Representative Clients and Matters

  • Represented trademark owner in dispute with national manufacturer and distributor over trademark and trade dress rights to an entertainment property dating to the 1980’s. Successfully defeated abandonment defense before both the Trademark Trial and Appellate Board (USPTO) and the District Court, despite long period of non-use on the owner’s part.
  • Handled major trademark related dispute concerning rights to a mark in the direct marketing industry. The dispute specifically involved competing applications for the same mark to the USPTO and, by extension, questions regarding the priority of use of the mark in connection with pre-sale activities by the user of a mark. The case was ultimately settled on very favorable terms for the client.
  • Defended complex copyright infringement dispute involving previously un-decided issues concerning the Digital Millennium Copyright Act, and the extent to which a foreign-based copyright owner must establish appropriate chain of title, and whether, and under what circumstances, the foreign owner is entitled to the presumption of validity of its copyright.
  • Handled myriad copyright, trade mark and trade dress, and design patent claims in the fashion and apparel industry.
  • Took case to the Ninth Circuit Court of Appeals, involving the efficacy of California's 2003 arbitration disclosure requirements to self-regulating organizations such as the New York Stock Exchange and the National Association of Securities Dealers. The case implicated sophisticated issues of federal preemption, particularly concerning the application of the 1975 revisions to the Securities and Exchange Act, and generated significant media attention.
  • Acted for and successfully tried a dispute on behalf of a financial institution that saw its lessor’s interest in a commercial tenancy foreclosed upon, after which the foreclosing party petitioned for bankruptcy and the bankruptcy trustee rejected the lease under Section 365 of the Bankruptcy Code.
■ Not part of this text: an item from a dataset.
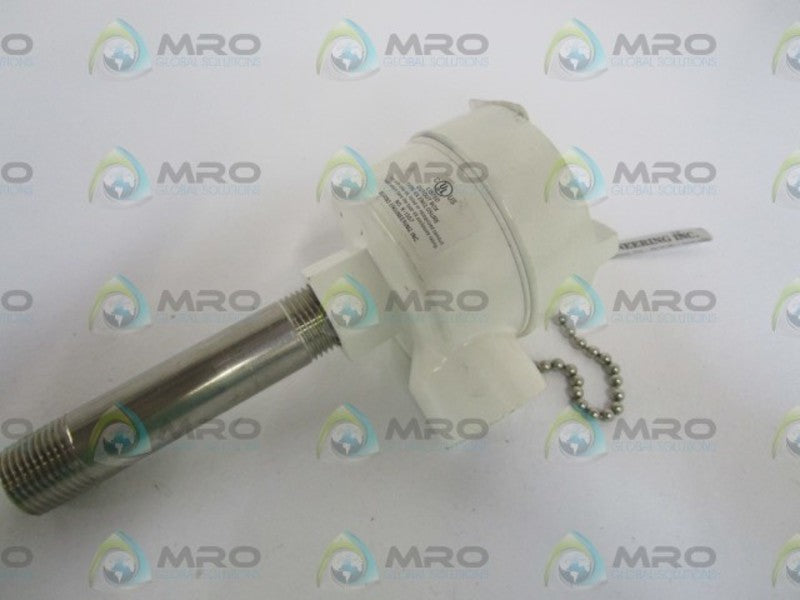 BURNS DUAL VESSEL RTD SENSOR 200C05A2E2A060  NSNP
The incoming lessor asserted that a attornment and non-disturbance clause in the institution’s lease compelled the institution to honor that lease – which was negotiated and executed at market values substantially in excess of those at the time of the foreclosure and bankruptcy – triggering a first impression case concerning the efficacy and implication of the attornment and non-disturbance provisions. Trial concluded in a judgment for the institution, on the basis that the foreclosure and the subsequent bankruptcy rejection had vitiated the lease notwithstanding the attornment and non-disturbance clause.
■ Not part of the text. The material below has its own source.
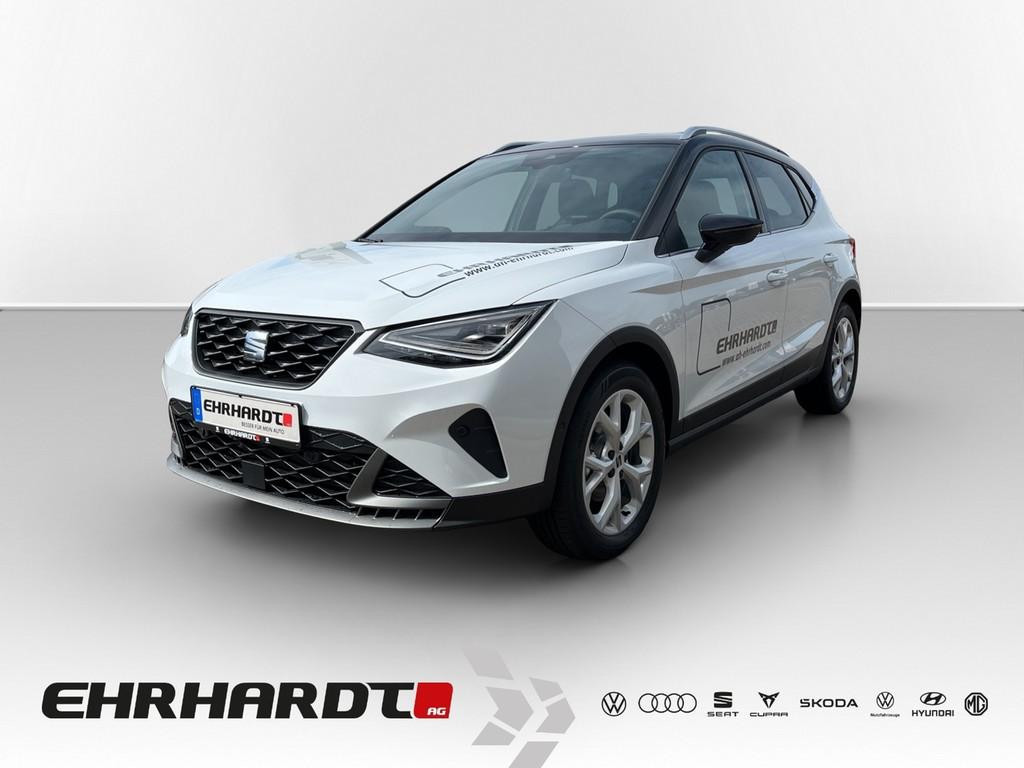 Seat Arona 2025 Benzine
  • Successfully represented former owner of large commercial property against CERCLA contribution claims by present owner, after contamination was discovered on the property. The case entailed sophisticated issues of allocation of fault, and ultimately entailed defeating a summary judgment motion for indemnity filed by the client’s successor in interest (the client sold its business to the successor several years after vacating the property in question, and the buyer was sued as a successor) and pursuing summary judgment on the question of whether the client was an owner or operator under CERCLA. The case was resolved favorably while the latter summary judgment was pending.
  • Arbitrated companion cases concerning the foreign distribution rights of an American motion picture and, specifically, the shifting of the risk of loss where the picture was not released in the United States in a timely manner.
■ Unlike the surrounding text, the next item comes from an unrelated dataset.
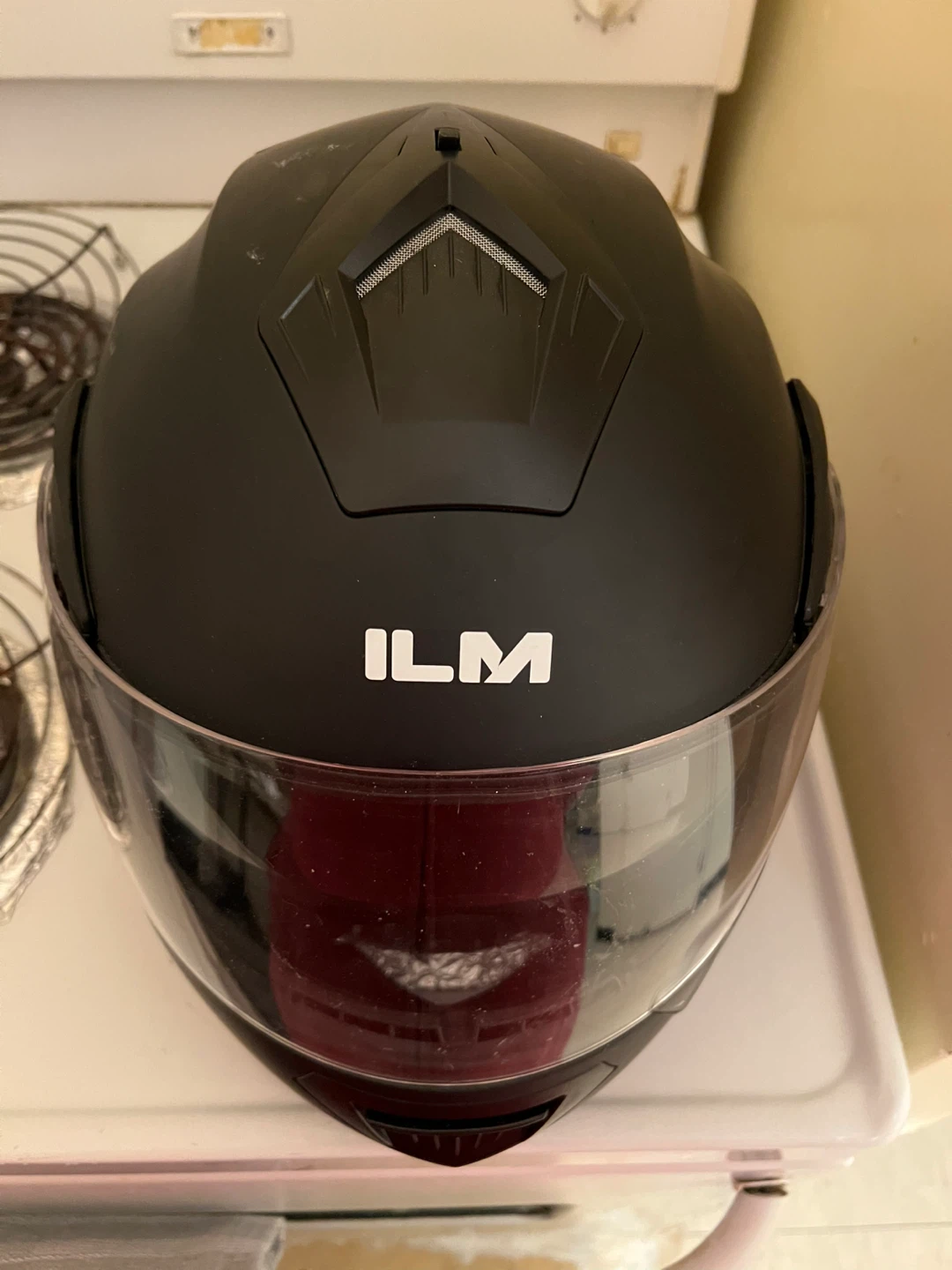 Selling E-bike Helmut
  • Handled case of first impression before the California Court of Appeal concerning the application of the Uniform Principal and Income Act. The Act prescribes the manner in which trustees are to allocate distributions received from corporations. Case was of particular importance because it coincided with the issuance of Microsoft’s first ever dividend, and the adjudication of the dispute directly affected the distribution of the proceeds of that dividend by California trusts.
  • Represented trustees of trust in dispute involving the management and allocation of a multi-million dollar gift made to the Richard Nixon Library and Birthplace. The gift was conditional and imposed a specific mechanism for distributing the funds to the Library. That mechanism led to conflict between competing camps of the Library's leadership and within the Nixon family, and resulted in litigation in both California and Florida.